In a December 19 letter to the chairman and CEO of Sony Pictures Entertainment, which produced the film, the senators alleged it was "grossly inaccurate and misleading in its suggestion that torture resulted in information that led to the location" of bin Laden.


The three senators claim Zero Dark Thirty "clearly implies that the CIA's coercive interrogation techniques were effective in eliciting important information related to a courier" for bin Laden, who would unknowingly lead the agency to his compound in Abbottabad, Pakistan.


The senators assert, however, that their own review of CIA records proves that the story told in the film is "incorrect" and "the CIA learned of the existence of the courier, his true name and location through means unrelated to the CIA detention and interrogation program."


Sony, in response, released a statement from Bigelow and Boal, which said in part: "We depicted a variety of controversial practices and intelligence methods that were used in the name of finding bin Laden.


"The film shows that no single method was necessarily responsible for solving the manhunt, nor can any single scene taken in isolation fairly capture the totality of efforts the film dramatizes."


Boal said in an email that he was unaware of the Senate committee's interest and had had no contact with the panel.


The person familiar with the committee's plan to review administration dealings with the filmmakers said initially this would involve reviewing uncensored copies of CIA records regarding the film. The committee presently does not plan to contact the filmmakers directly, the source said.


A 'DRAMATIZATION'


Last year, the CIA and Pentagon, in response to a freedom of information request from Judicial Watch, released hundreds of pages of internal documents discussing the agencies' arrangements for dealing with Bigelow and Boal.

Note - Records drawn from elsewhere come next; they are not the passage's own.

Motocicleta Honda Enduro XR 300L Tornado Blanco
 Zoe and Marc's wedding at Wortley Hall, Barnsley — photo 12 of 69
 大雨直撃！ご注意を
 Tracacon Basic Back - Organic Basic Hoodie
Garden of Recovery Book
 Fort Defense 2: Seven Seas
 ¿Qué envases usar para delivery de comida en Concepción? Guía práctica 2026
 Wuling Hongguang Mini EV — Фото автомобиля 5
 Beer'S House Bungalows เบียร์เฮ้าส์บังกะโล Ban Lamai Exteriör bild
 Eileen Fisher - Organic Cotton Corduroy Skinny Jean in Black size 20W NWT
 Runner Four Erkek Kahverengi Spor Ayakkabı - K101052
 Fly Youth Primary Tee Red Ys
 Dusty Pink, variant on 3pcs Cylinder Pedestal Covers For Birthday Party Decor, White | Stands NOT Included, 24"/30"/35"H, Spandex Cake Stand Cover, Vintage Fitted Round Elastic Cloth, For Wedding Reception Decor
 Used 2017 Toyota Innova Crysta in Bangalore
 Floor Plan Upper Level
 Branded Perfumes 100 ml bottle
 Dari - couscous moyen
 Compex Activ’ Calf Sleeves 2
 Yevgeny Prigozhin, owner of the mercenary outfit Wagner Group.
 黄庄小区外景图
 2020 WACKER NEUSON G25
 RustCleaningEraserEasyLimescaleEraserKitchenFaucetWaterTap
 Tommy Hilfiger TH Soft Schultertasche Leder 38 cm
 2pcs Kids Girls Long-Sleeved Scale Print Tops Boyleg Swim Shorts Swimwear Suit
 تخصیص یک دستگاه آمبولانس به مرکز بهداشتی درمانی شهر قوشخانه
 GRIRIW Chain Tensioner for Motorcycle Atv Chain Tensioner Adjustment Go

The documents, many heavily redacted, show that top CIA and Pentagon officials, including Morell and Michael Vickers, now the Pentagon's intelligence chief, talked to the filmmakers.


One Pentagon email exchange with Ben Rhodes, a senior White House national security aide, said Boal had been briefed by CIA officials "with the full knowledge and full approval/support" of Leon Panetta, who served as CIA director and then Secretary of Defense while the film was being prepared.


A second person familiar with the matter said the committee had acquired copies of the CIA records last year.


The committee originally obtained the uncensored records at the request of Republicans, who were looking for evidence that intelligence or Pentagon personnel inappropriately shared classified information with the filmmakers, this source said.


Other Congressional Republicans, most notably Representative Peter King, outgoing chairman of the House Committee on Homeland Security, complained loudly about dealings between the Obama administration and the filmmakers following reports it would be released shortly before the 2012 Presidential election. Ultimately, the film was not released until after the election.


Two days after the Senators made public their letter to Sony, the CIA released a statement by Morell, who said that Zero Dark Thirty was a "dramatization, not a realistic portrayal of the facts," and that while the agency had "interacted" with the filmmakers, it did not "control the final product."


Morell's statement was equivocal on whether "enhanced interrogations" had produced information critical to finding bin Laden.


"Whether enhanced interrogation techniques were the only timely and effective way to obtain information from those detainees, as the film suggests, is a matter of debate that cannot and never will be definitively resolved," Morell added.